1 - Henri Langlois, the legendary founder of the French Cinematheque, used to recall that as a child he did not understand time. When he read that “Joan of Arc laid siege to Paris” he thought it was another Paris, and that there must therefore be Joan of Arc's Paris, his father's Paris, and so forth, on an unlimited globe.
2 - This paragraph was already written when the dazzling book by Brassaï, Marcel Proust sous l'emprise de la photographie, was released by Gallimard. Here the answer is given by Proust himself: “Seeing these plates, one can respond that photography is indeed an art” (Essais et articles).

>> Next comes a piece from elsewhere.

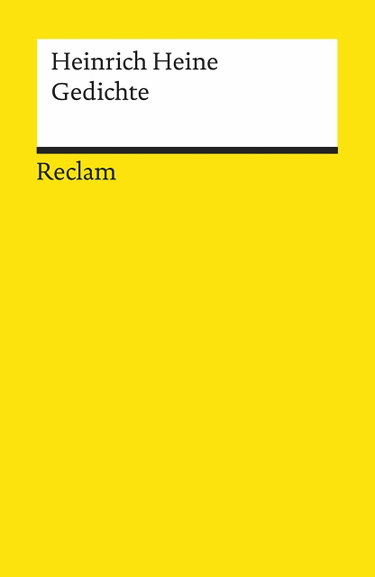 Couverture de Gedichte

And Brassaï writes: “When he is struck by a sound or a flavor having the mysterious power to revive a sensation or an emotion he is irresistibly drawn to liken this phenomenon to the appearance of the latent image in a bath of developing fluid.” But one really should read the entire book, where Remembrance of Things Past is compared to “a gigantic photograph.”
3 - I owe this quote, among other things, to the marvelous little book by Jacques Roubaud, L'Invention du fils de Leoprepes.
4 - he German linguist Harald Weinrich introduces a subtle idea, that of the “war between memory and reason” in which, he says, Enlightenment philosophy consecrated the triumph of the second. “Emile must know nothing by heart.”